## PROBLEM DESCRIPTION
Every line of the material is to be quoted verbatim, minus the pictures.

## GIVEN DATA

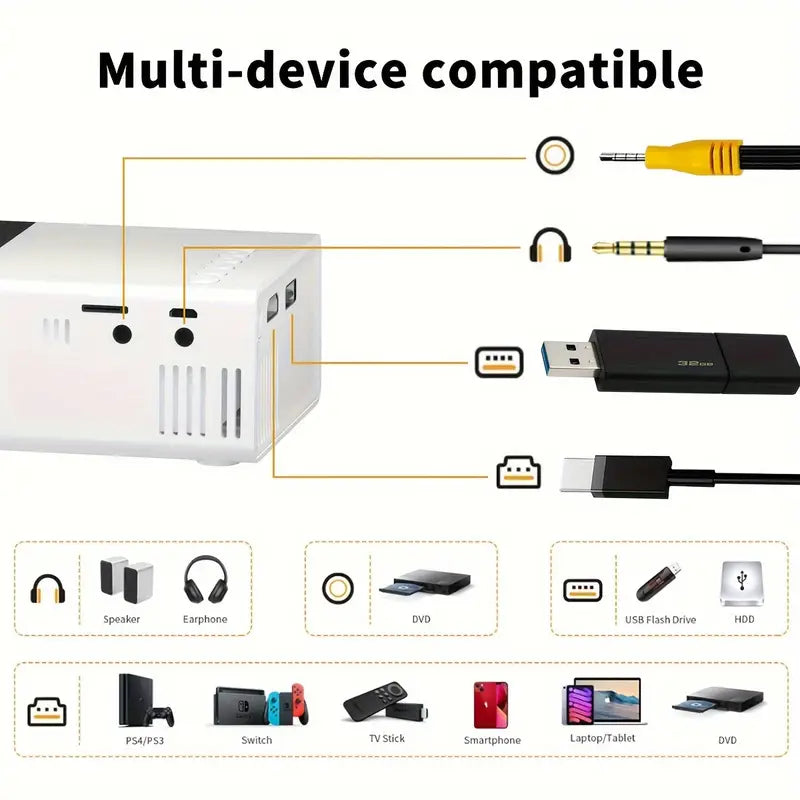 SGV Mini, Portable Projector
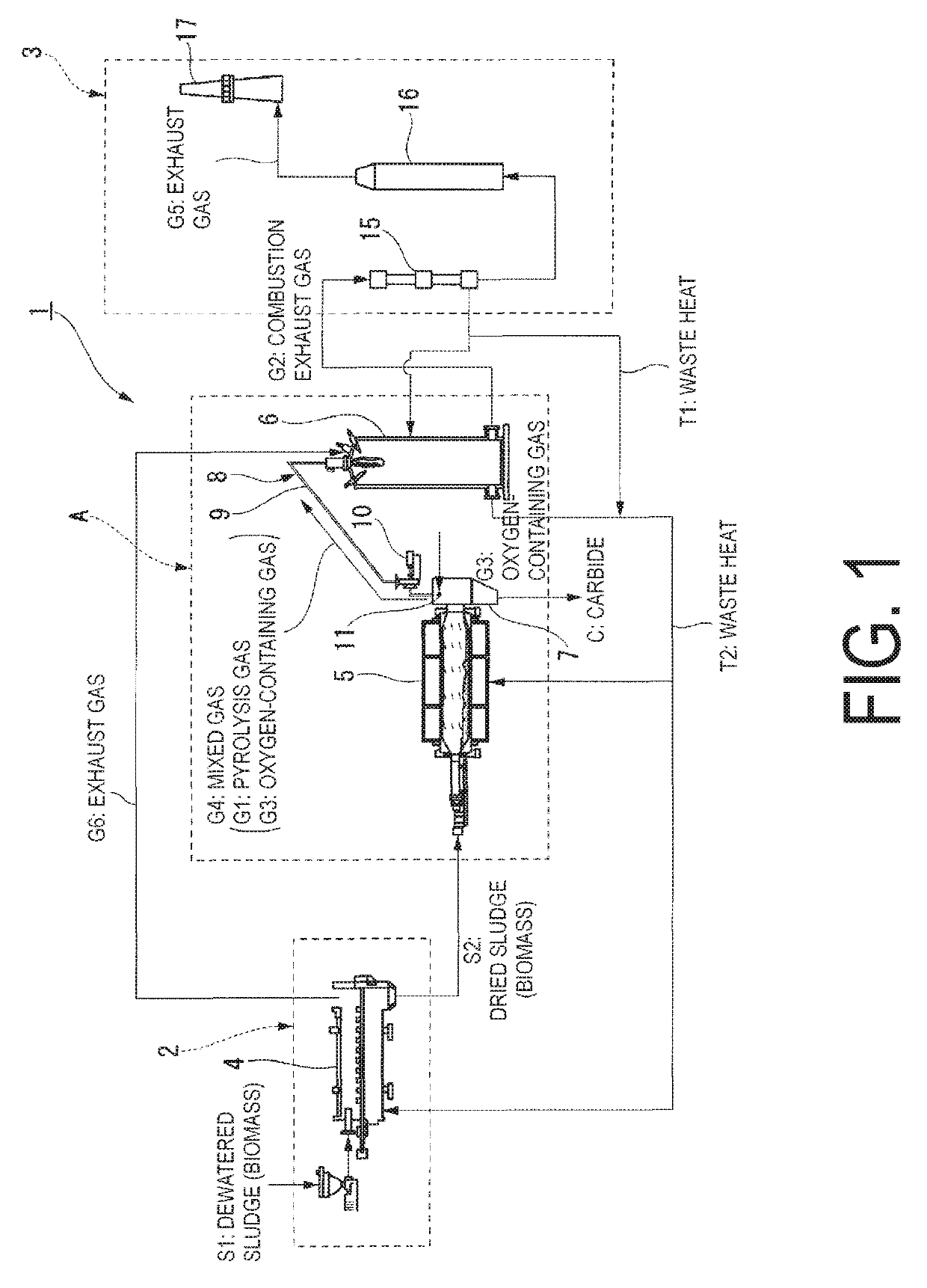 Method for inhibiting occurrence of pyrolysis deposit in pyrolysis gasification system, and pyrolysis gasification system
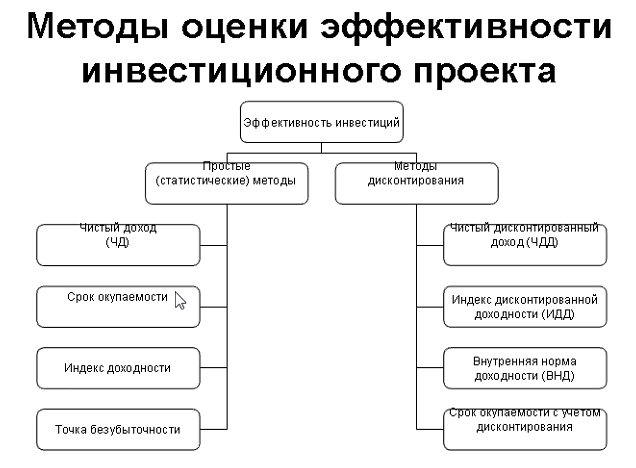 Какие из проектов требуют значительных капиталовложений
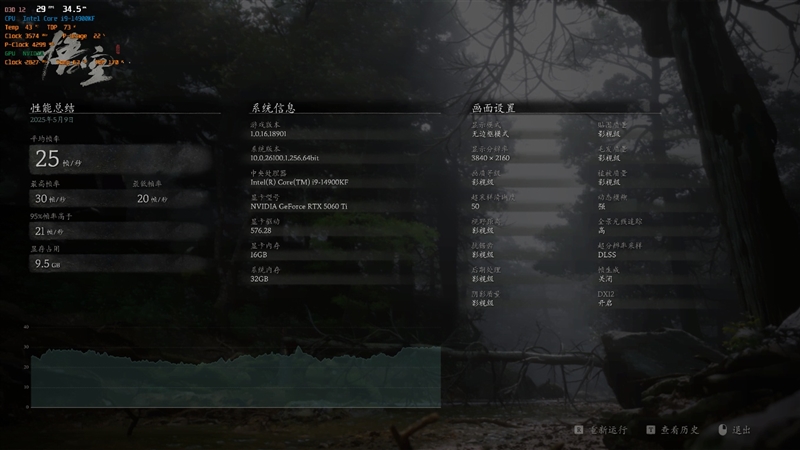技嘉RTX 5060 Ti GAMING OC 16GB魔鹰显卡评测：DLSS 4技术实属游戏利器 主流显卡也能畅玩4K3A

## EXERCISE RESULT
 SGV Mini, Portable Projector
 Method for inhibiting occurrence of pyrolysis deposit in pyrolysis gasification system, and pyrolysis gasification system
 Какие из проектов требуют значительных капиталовложений
技嘉RTX 5060 Ti GAMING OC 16GB魔鹰显卡评测：DLSS 4技术实属游戏利器 主流显卡也能畅玩4K3A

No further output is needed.